Ken Fisher, the billionaire founder and co-CIO of Fisher Investments, believes that the stock market can continue to rise in 2024 without the need for Federal Reserve interest rate cuts.
What Happened: Fisher, in a recent video to his firm’s clients, pointed out that the market’s strong performance in 2023, with the S&P 500 rising over 20% after hitting a low in October 2022, occurred without any interest rate cuts, reported Business Insider.
“You don’t need rate cuts. The back half of 2022 and 2023 showed that.[Rates] don’t have the effect on the overall economy, and by extension then, the stock market that many people think,” Fisher said.
He suggested that investors may have already factored in the potential impact of future Fed rate cuts, as these policy moves are widely discussed. The markets are currently betting on a 60% chance of the Fed cutting interest rates by at least 100 basis points by the end of 2024, according to the CME FedWatch tool.
Fisher also noted that despite higher interest rates, the GDP has actually accelerated over the last two quarters, indicating that interest rates are just one mechanism in a much larger system.
“None seemingly lurks.
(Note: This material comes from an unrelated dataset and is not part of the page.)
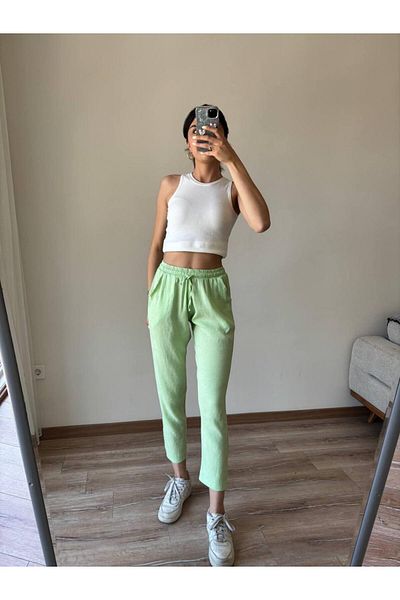 Parkline Elastic Waist Linen Trousers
So, expect a good-to-great 2024,” Fisher said.
Despite the market’s anticipation of rate cuts, Fisher is among the most bullish forecasters on Wall Street. He has previously stated that the S&P 500 could see modest double-digit gains in 2024.
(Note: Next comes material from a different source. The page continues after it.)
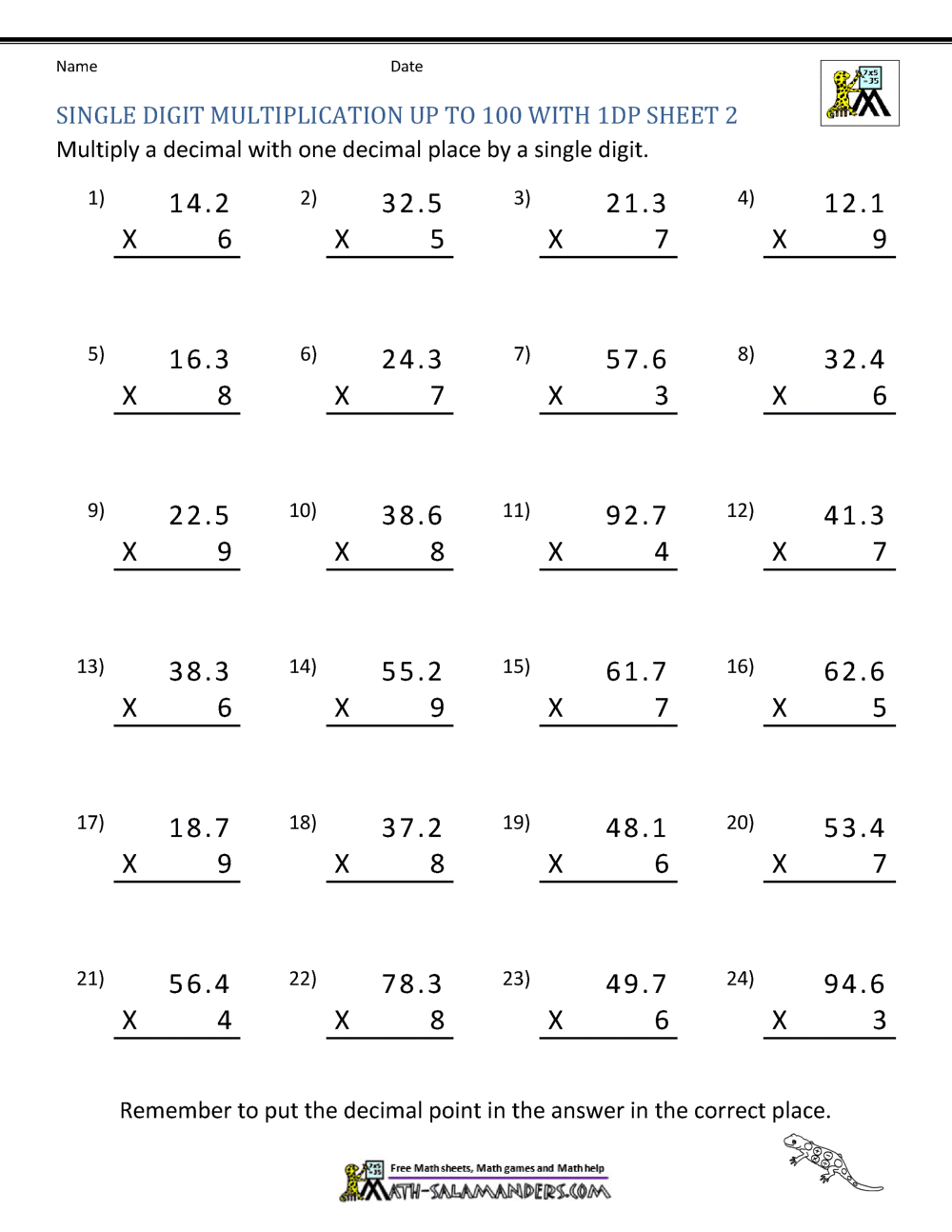 multiplying decimals worksheet 5th grade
Why It Matters: The stock market has been on a record-breaking rally in 2024, with some analysts suggesting that the bull market could continue until 2027. This optimism is despite concerns over inflation and the potential impact of the Fed’s interest rate decisions.
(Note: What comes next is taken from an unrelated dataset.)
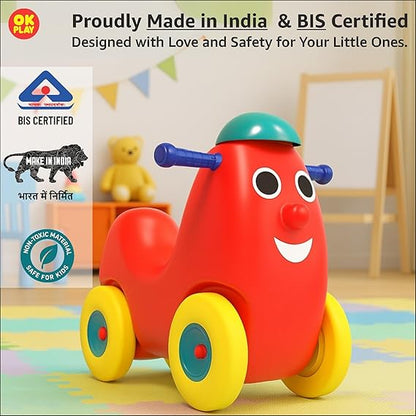 Push Ride on for Kids | Curved Seat | Backrest | Easy Grip | Four Wheel | Lightweight | Animal Theme | Indoor Outdoor Games | Safe Toy | Small | 1 Month Warranty | 1 to 5 years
Earlier in the year, Jerome Powell, the Chair of the Federal Reserve, hinted at the possibility of easing monetary policy in 2024, citing the uncertain economic outlook. However, Fisher’s comments suggest that the market may not be as reliant on rate cuts as previously assumed.
Despite this, analysts have suggested that the current bull market may only be halfway through its potential, indicating that the market may have more room to grow, with or without rate cuts.